Good was one of the first two graduates of the university and served as a professor and business manager from 1908, the year he graduated, until he took office as president in 1915, according to “Dowright Devotion to the Cause,” former professor of History and Political Science and university historian Fredrick Hill’s book about UIndy’s history. Good served for nearly 30 years, according to Cartwright and Vopelak.

“He [Good] was the kind of persistent person who kept things alive even when he wasn’t able to make the university grow or to become as strong as he hoped it would be,” Cartwright said. “But he kept it going until he stopped being president.”

Good’s successor was I. Lynd Esch. Esch was supposed to take office on March 1, 1945, but Good unexpectedly died of a heart attack on Feb. 24 of that year, according to Hill’s book. Within three days of Good’s death, Esch took office.

“Esch was quite good in dealing with multiple kinds of audiences, and so he not only could speak to the university’s church affiliation with the Evangelical United Brethren church, but he could also speak to businessmen and to people who were interested in civic affairs,” Cartwright said. “So he was able to bring multiple constituencies together for the college and help it to grow and stabilize.”

Cartwright said that Esch took over the university’s presidency when the school was close to shutting down. At the time, there were only 140 students and nine faculty on campus. By the time Esch left in 1970, the student population was up around 1,000.

What is now Esch Hall originally was called the Academic Building upon its construction in 1958. However, at the same time Good Hall was renamed, Sease decided to honor his predecessor by changing the building’s name to Esch.

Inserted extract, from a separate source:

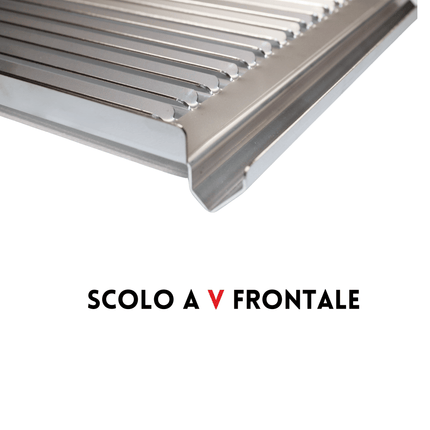 Accessorio Plancia Piastra V Raccogli Grassi | K2V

“It was my understanding that he [Sease] wanted to build on the past, but he was also very much a forward-looking person,” Cartwright said. “He rather famously talked about keeping your eye on the windshield and not spending too much time looking in the rearview mirror, unless you need to. But I think it was a gesture of some respect to his immediate predecessor, who was President Esch, and to President Good.”

Roberts Hall also is named after a former president. John Roberts was the first university president, serving from 1905 to 1908. He was a clergyman in the EUB church and active in trying to start the university, sitting on the committee to find the first president, according to Cartwright. When the committee members could not find a president, Roberts was selected. He agreed, thinking that the university would open in the fall of 1906, but the committee insisted on beginning in the fall of 1905. In less than three months, Roberts managed to bring nine faculty and about 70 students to study and live at then Indiana Central University, according to Cartwright.

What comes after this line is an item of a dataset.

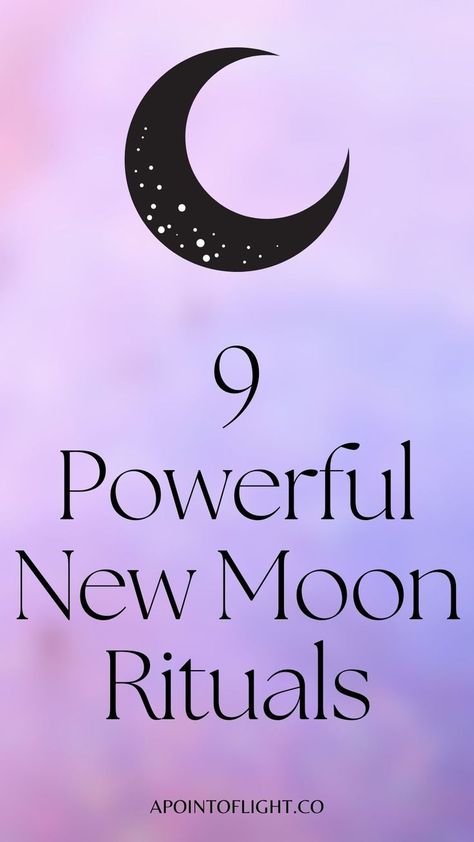 9 powerful new moon rituals New Moon Witch Ritual, New Moon Magic Intentions, New Moon Manifesting, New Moon Cinnamon Ritual, New Moon Protection Spell, New Moon Magic Spells, New Moon Release Ritual, New Moon Money Manifestation, New Moon Manifestation Spell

“And he [Roberts] also rather poignantly talked about how they didn’t really know what it entailed to create a college,” Cartwright said. “So he said that if they had known how difficult it would be, they probably never would have set out to do it. But in some ways, it’s probably a good thing that they didn’t know, because once they started, they held on and tried to complete it.”

There are people behind the names of some of the other residence halls on campus as well, according to Cartwright. Cravens Hall was built in 1961 and renamed  in 1986 to honor Virgina Cravens. Cravens served at then Indiana Central College as dean of women and an alumni secretary from the 1920s to the 1940s.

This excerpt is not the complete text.